Cette cinquième et dernière semaine de présence à Vernouillet a abouti à deux représentations de la pièce le 28 juin 2019, l’une l’après-midi, devant d’autres classes de l’école Louis Aragon, et l’autre le soir, devant les familles des enfants. Une semaine compliquée, où à l’épuisement de la fin de l’année scolaire s’est ajoutée la chaleur, le ras-le-bol, l’ennui. Du point de vue du spectacle en lui-même, les répétitions se sont avérées souvent désastreuses : impossible de raviver l’intérêt des enfants pour quelque chose qu’ils connaissaient déjà. Tant que nous avancions dans l’histoire et qu’il restait des choses à découvrir, nous tenions leur attention captive par la curiosité, l’envie d’en savoir plus. Mon erreur cette semaine a été celle du perfectionnisme, en pensant qu’il fallait maintenant tâcher de tout faire tenir ensemble, d’améliorer ce qui pouvait encore l’être, en ne tenant pas compte, au contraire des semaines précédentes et du travail spécifique que nous avions pourtant fait auparavant, qu’il ne s’agissait pas d’acteur·rices devant moi, mais d’enfants. Disparu, le ludisme : place à la répétition. Et avec elle, non pas une qualité grandissante, mais bien au contraire, une perte de fraicheur, un abandon de toute joie d’être sur scène. Trois journées interminables, qui m’ont donné, rétrospectivement, raison sur la manière initiale de travailler avec des enfants. Mais qui ont aussi permis, dans les interstices des répétitions, de faire naître de nouveaux rapports avec les comédien·nes, qui en ont profité pour glaner auprès des élèves de la documentation pour nourrir la pièce future.
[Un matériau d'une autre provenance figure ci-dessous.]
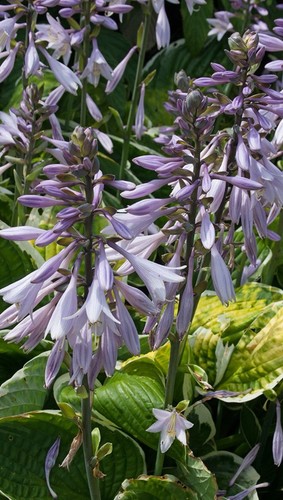 Large litre pot hosta - pot,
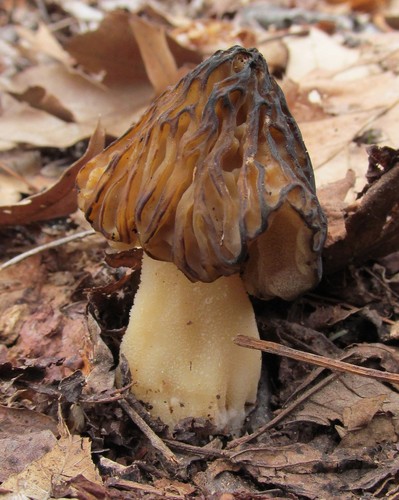 Half-free Morel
Mon intuition initiale, en entamant un travail spécifique avec des enfants sur ce spectacle, était de rester dans le domaine du jeu (ludique) le plus longtemps possible, en évitant de faire de la préparation du spectacle un travail. Ce ludisme s'est traduit par deux choses: la première était que l'on raconterait l'histoire de la pièce chronologiquement, en ne dévoilant que ce que l'on allait jouer semaine après semaine; la seconde était que les enfants devaient choisir, au fur et à mesure de l'avancée dans l'histoire, le parti qu'il désiraient faire prendre à leur personnage face aux différentes options qui se présentaient à eux. Cela exigeait qu'il y eût, à chaque nouvelle phase, à chaque nouvelle semaine de présence, un équilibre entre la répétition de ce que nous avions fait précédemment, et la découverte de la suite de l'histoire. C'est ainsi que les enfants ont découvert l'histoire petit à petit, et n'en ont connu la totalité qu'à la toute fin de la quatrième semaine: cette attente de ce qu'ils ne connaissaient pas encore, cette curiosité maintenue comme un fil tendu, permettait de garder en vie leur enthousiasme, semaine après semaine. L'erreur de la dernière semaine a été de prévoir un temps de répétition seule, sans découverte, sans nouveauté - ou en croyant que la découverte du décor et du lieu théâtral suffirait à produire la surprise nécessaire. Au fur et à mesure que l'on répétait les discours, les scènes s'appauvrissaient, se ternissaient, plutôt que de gagner en épaisseur ou en subtilité de jeu.
Avec des acteur·rices, il arrive très souvent que la première fois que l'on joue une scène, en répétition, il se produise quelque chose de magique: une fraicheur, un instinct immédiat, une spontanéité, que la longue suite de répétitions ultérieures tâchera ou bien de retrouver, ou bien de se souvenir, ou bien, qu'elle essaiera vainement d'oublier pour tenter de trouver une nouvelle force dans le présent. Dans tous les cas, le théâtre, par la répétition, essaie de produire les conditions de possibilité du spontané, de la magie vivante, autant de fois que la pièce sera jouée.
Avec des enfants, dans ce contexte non-professionnel d'une pièce qui se joue une à deux fois en fin d'année, il me semble qu'il est absolument nécessaire de considérer l'avancée dans le spectacle d'une manière différente, et que ce n'est pas avant la représentation que doit arriver cette magie première: parce que le chemin pour la retrouver n'est pas possible à emprunter. La répétition, chez des acteur·rices non professionnel·les, et a fortiori des enfants, tue la vie. Il aurait éventuellement fallu arriver à la fin de l'histoire la veille de la représentation, et faire de la pièce en public le premier et unique bout à bout de l'histoire.